Christmas Day marks on December 25 in several countries around the world. It is one of the most festive Christian holidays.
Christmas was originally a Christian festival that celebrated Jesus’ birth, but it also became a secular family holiday in the early 20th century, observed by Christians and non-Christians alike. With the legendary figure of Santa Claus playing the pivotal role, the secular holiday is mostly devoid of Christian elements.
How Christmas Began?
The middle of winter has been a time of celebration in the world for a long time. Centuries before the coming of the man named Jesus, early Europeans celebrated light and birth in winter’s darkest days. During the winter season, when the worst of the winter was behind them, many people rejoiced and were able to look forward to longer days and prolonged hours of sunshine.

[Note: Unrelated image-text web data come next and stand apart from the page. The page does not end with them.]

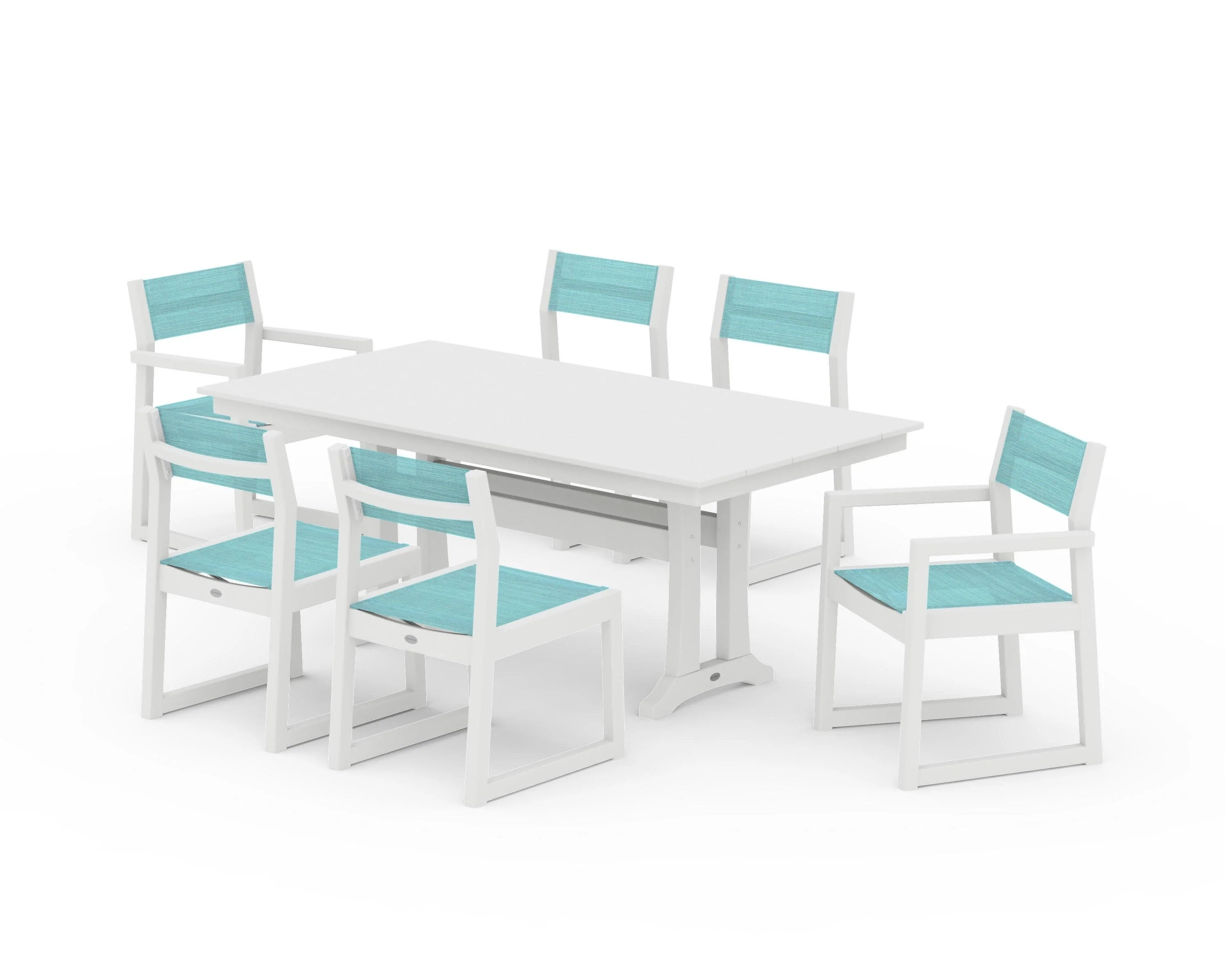 EDGE Sling 7-Piece Farmhouse Trestle Dining Set - Image 41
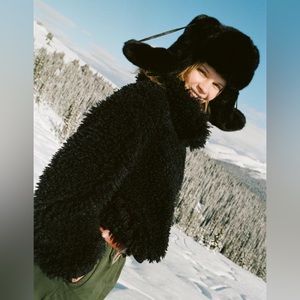 UO Black Shaggy Bomber Jacket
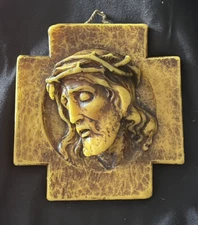 VTG Wax Carved Jesus Christ 3D Relief Sculpture  Germany Wall Hanging 6x6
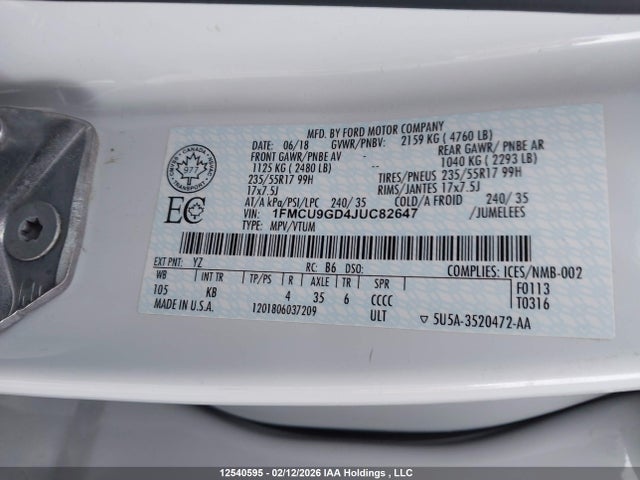 12540595 :رقم المزاد ، 1FMCU9GD4JUC82647 vin ، 2018 Ford Escape Se مزاد بيع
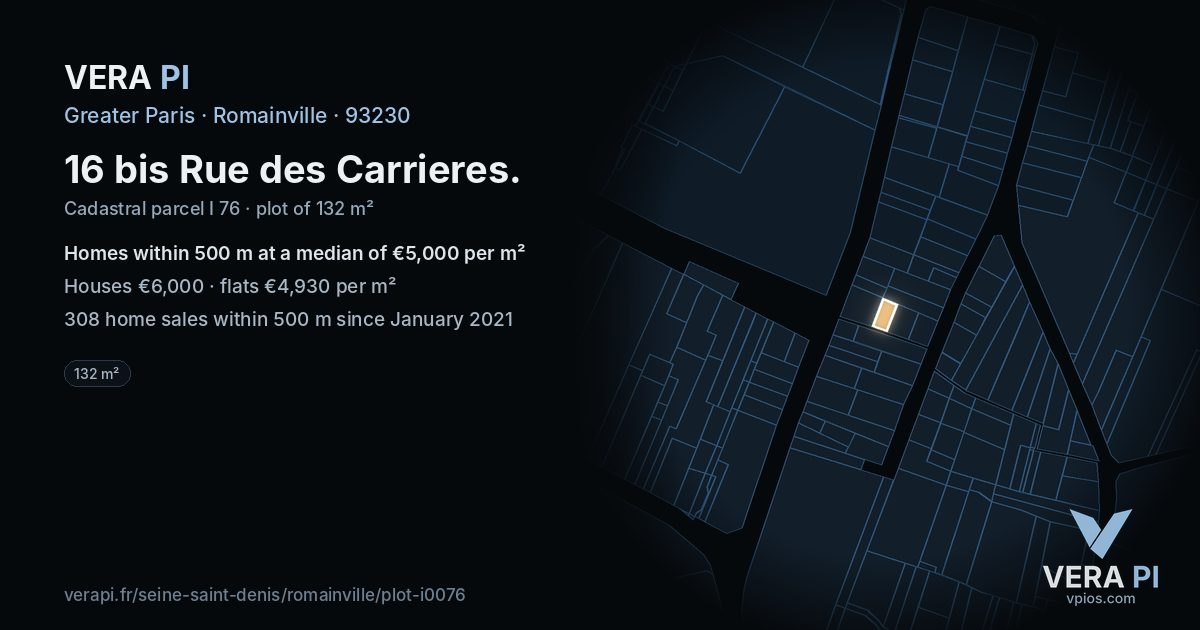 16 bis Rue des Carrieres, Romainville at night – the plot lit, the parcels around coloured by the prices near them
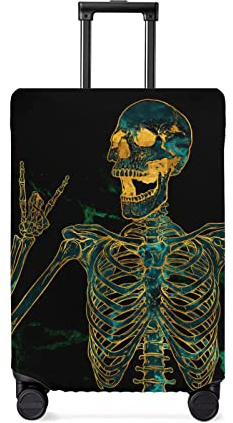 Rock and Roll Housse de bagage de voyage motif crâne squelette Love Music anti-rayures élastique pour protection, housses de bagages lavables 73 à 81,3 cm, Skeletonjim1112, L(25-28in)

The Norse celebrated Yule in Scandinavia from December 21, the winter solstice, through January. In celebration of the light’s return, fathers and sons would bring home large logs that they would set on fire. Until the log burned out, which took long as 12 days, the people would feast. The Norse claimed that a new pig or calf born during the coming year reflected each spark from the flames.
The end of December in most parts of Europe was a great time to celebrate. At that time of year, most cattle got slaughtered to be fed during the winter. It was the only time of year for many that they had stocks of fresh meat. Moreover, most of the wine and beer produced during the year was eventually fermented and ready to drink.